Take the square of each value for distance from the mean. This will automatically remove the negative sign. Now divide this number by the number of observations. This is your variance. This is however difficult to interpret as the scale and units are now in “square units”. To convert it back to the original scale we now take the square root of the variance. This is our Standard Deviation.
When to use it: Variance is rarely reported directly. However it powers many statistical tests. The more commonly used statistic is the standard deviation. Whenever the mean is reported, it must always be accompanied by a report of standard deviation.
“Why”: Standard Deviation is much more sensitive to values that are far away from the mean. Because you are squaring the distances, a point that is 4 units away contributes 16 to the variance, while a point 2 units away only contributes 4. This can be important in cases where small fluctuations are important.

Example: Imagine you are monitoring a patient’s heart rate. If the rate fluctuates slightly, it’s fine. But if it occasionally spikes wildly, you want a metric that “screams” when those spikes happen. SD screams louder than MAD because it squares those extreme gaps, alerting the researcher to high instability.

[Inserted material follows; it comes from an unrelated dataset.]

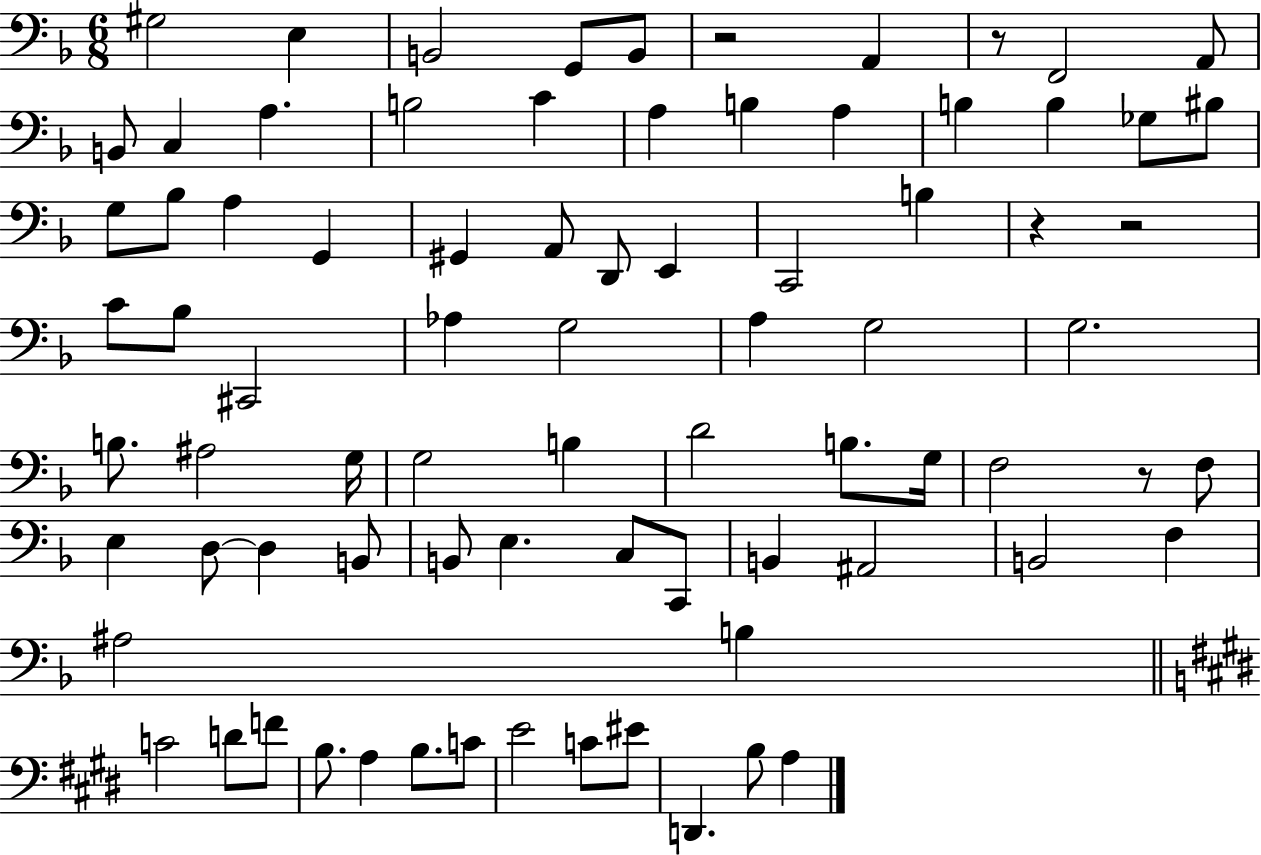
G#3/h E3/q B2/h G2/e B2/e R/h A2/q R/e F2/h A2/e B2/e C3/q A3/q. B3/h C4/q A3/q B3/q A3/q B3/q B3/q Gb3/e BIS3/e G3/e Bb3/e A3/q G2/q G#2/q A2/e D2/e E2/q C2/h B3/q R/q R/h C4/e Bb3/e C#2/h Ab3/q G3/h A3/q G3/h G3/h. B3/e. A#3/h G3/s G3/h B3/q D4/h B3/e. G3/s F3/h R/e F3/e E3/q D3/e D3/q B2/e B2/e E3/q. C3/e C2/e B2/q A#2/h B2/h F3/q A#3/h B3/q C4/h D4/e F4/e B3/e. A3/q B3/e. C4/e E4/h C4/e EIS4/e D2/q. B3/e A3/q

Mean Absolute Deviation (MAD) or Median Absolute Deviation (MedAD)
- What is it?
  
  These measures use another approach to get rid of the negative sign. They simply use the absolute values ignoring the negative sign. They look at the absolute distance of each point from the center (Mean or Median) without squaring them.
- The “Why” and When
  
  Squaring the differences (as in Variance/SD) gives massive weight to outliers. MAD does not do this and gives a more even estimate. When to use what will depend on how important the outliers are to the dataset.
  
  MAD were traditionally not used much in statistics because their use in inferential statistics etc can be computationally intensive. Since traditional statistics were done using calculus , pen and paper the standard deviation was always used. However MAD can be a more intuitive measure and is quickly gaining importance in data science especially in finance and other domains.

Interquartile Range (IQR)

What is it?

Suppose we were to list out all the values in the dataset in ascending order and divide them into 4 equal groups. The first group is from 0 to 25% of the values. The second from 25 to 50% of values. The third is the 50th to 75th percent of values and the last from 75th to 100 percent of values. These are called the 4 quartiles of the variable. The Interquartile range is the difference between where the 2nd Quartile Starts and the 3rd Quartile ends. Essentially it would contain 50% of the values.
When to use it: Always use this when you are reporting a Median. It is the “robust” partner to the median.

The “Why”: Like the median, the IQR is not affected by extreme outliers.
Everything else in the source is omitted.